[[ INPUT DATA open ]]

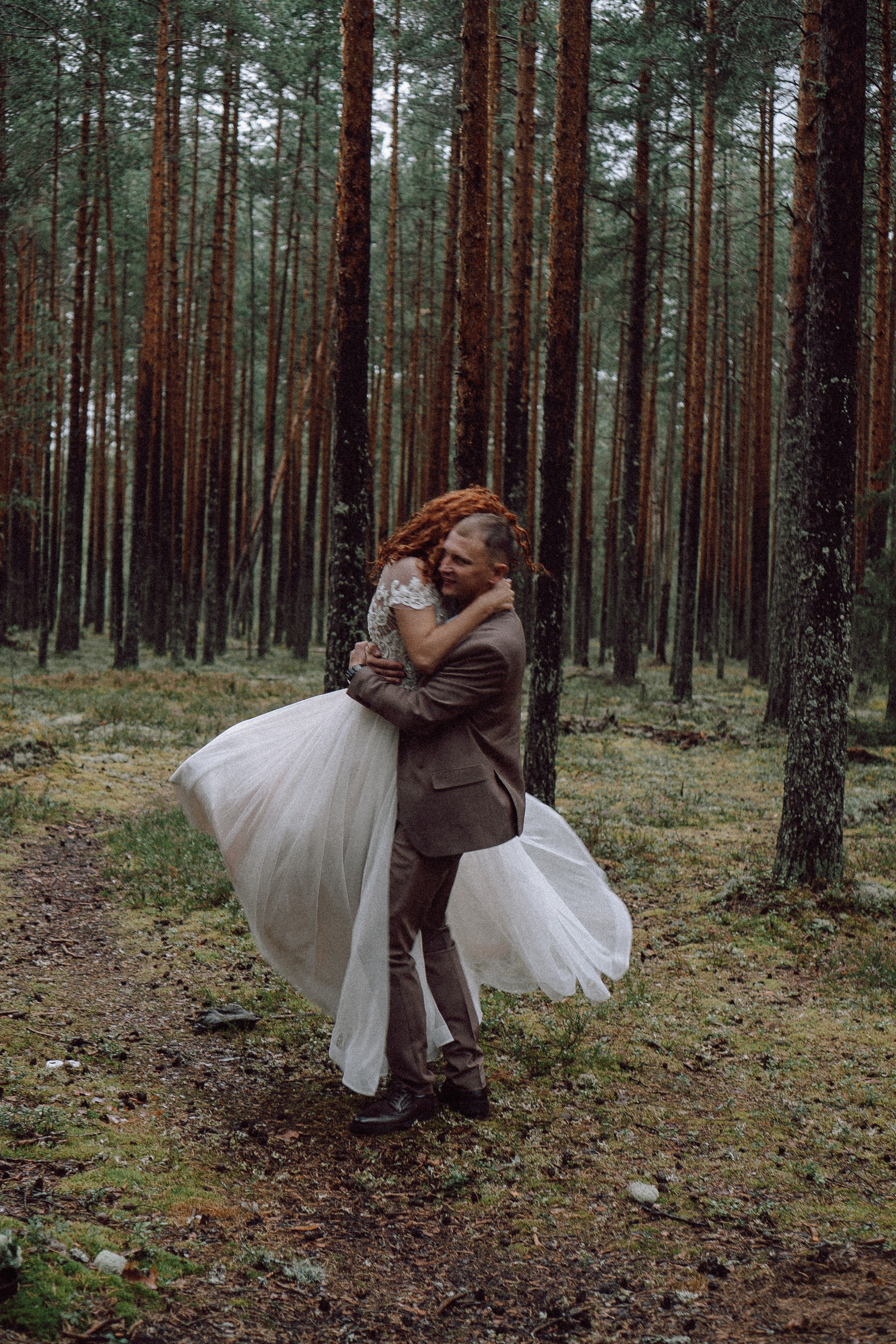 СВАДЕБНАЯ ФОТОСЕССИИЯ ПАРЫ В ГОРОДЕ ПРИОЗЕРСК В СОСНОВОМ ЛЕСУ И С ПИКАПОМ. Профессиональный фотограф, Санкт-Петербург — Виктория Богомолова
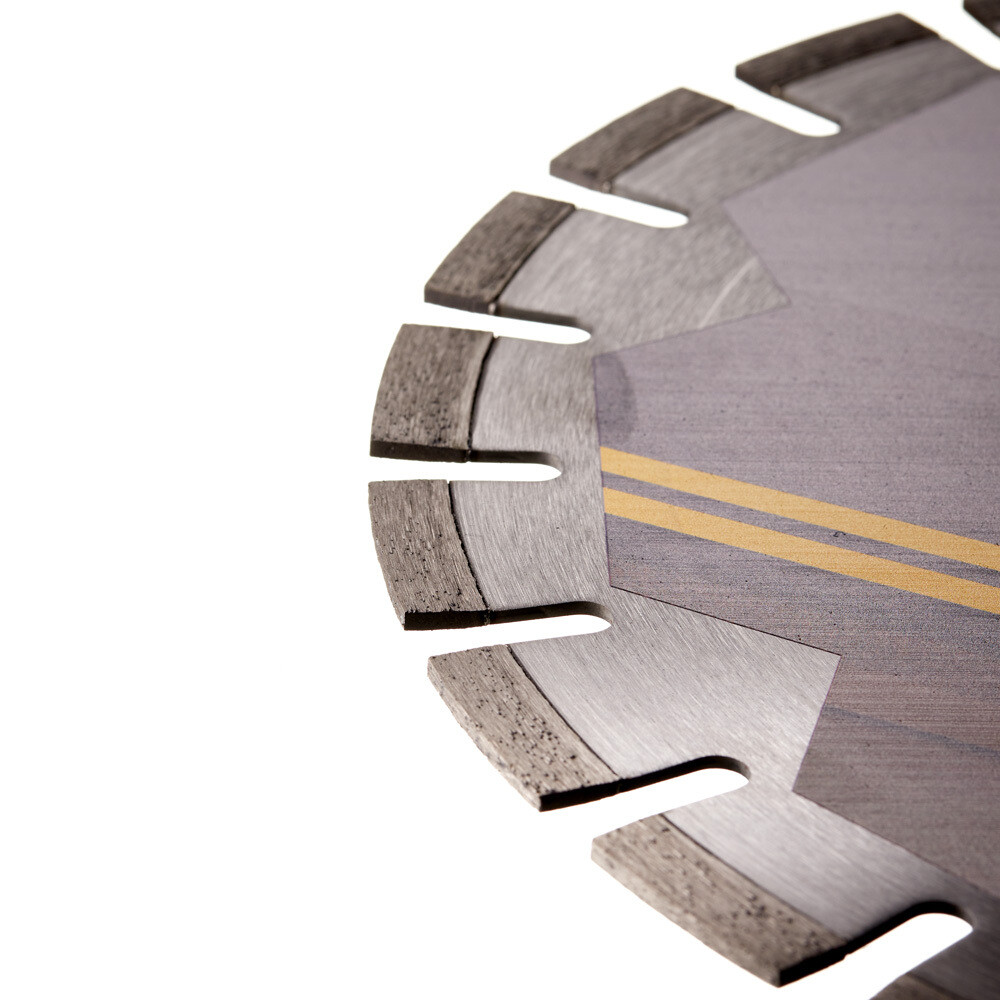 Диск алмазный по асфальту Kronger Asphalt 400x25,4x4 мм сегментный мокрый/сухой рез (A200400)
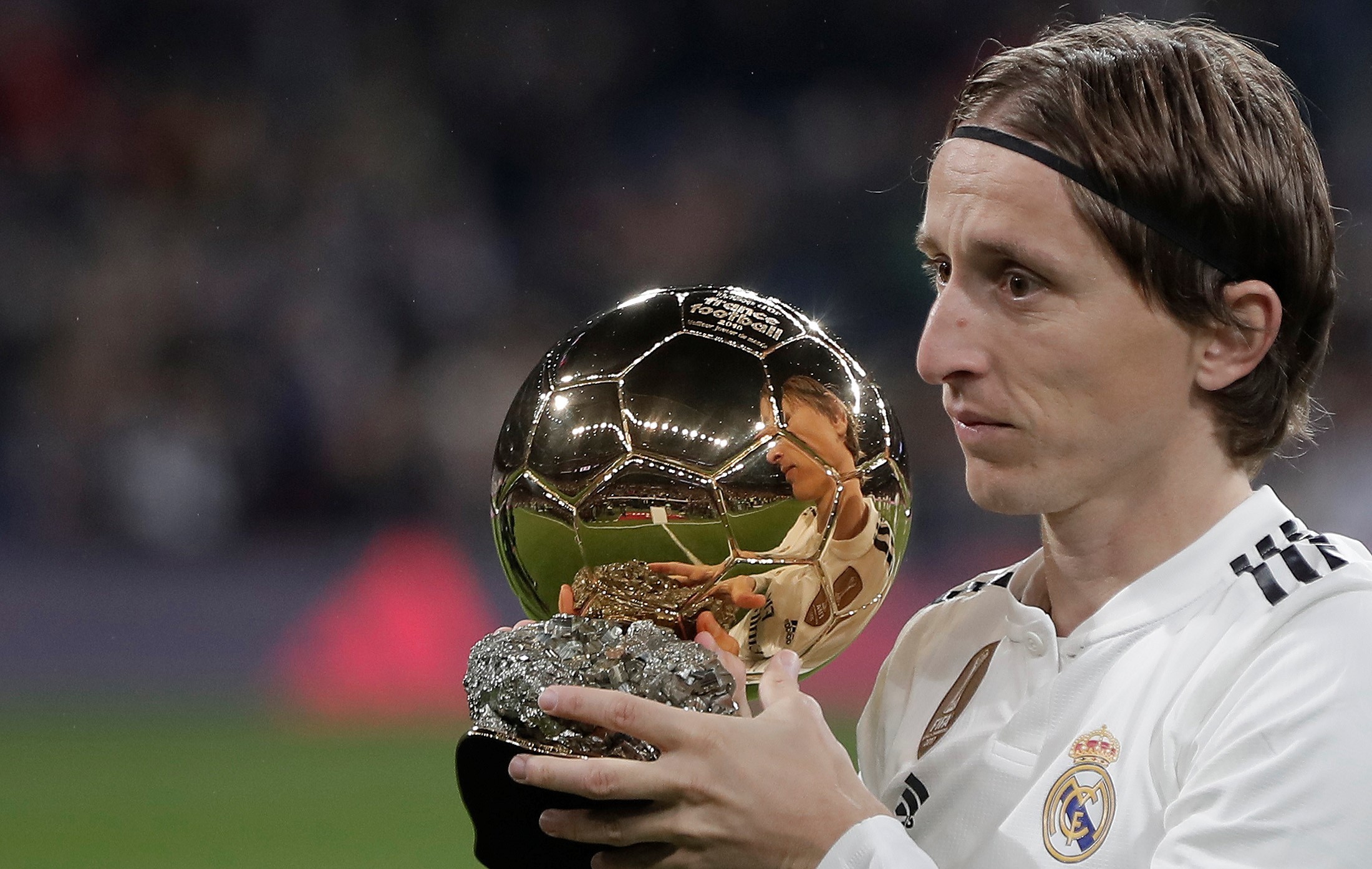 被新华社三度“点兵”的国产新游，登顶Steam热门第一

[[ INPUT DATA closed ]]

**WHAT THE TASK REQUIRES:** Give back the material above word for word; no picture belongs in it.

**ANSWER BOX:**
 СВАДЕБНАЯ ФОТОСЕССИИЯ ПАРЫ В ГОРОДЕ ПРИОЗЕРСК В СОСНОВОМ ЛЕСУ И С ПИКАПОМ. Профессиональный фотограф, Санкт-Петербург — Виктория Богомолова
 Диск алмазный по асфальту Kronger Asphalt 400x25,4x4 мм сегментный мокрый/сухой рез (A200400)
 被新华社三度“点兵”的国产新游，登顶Steam热门第一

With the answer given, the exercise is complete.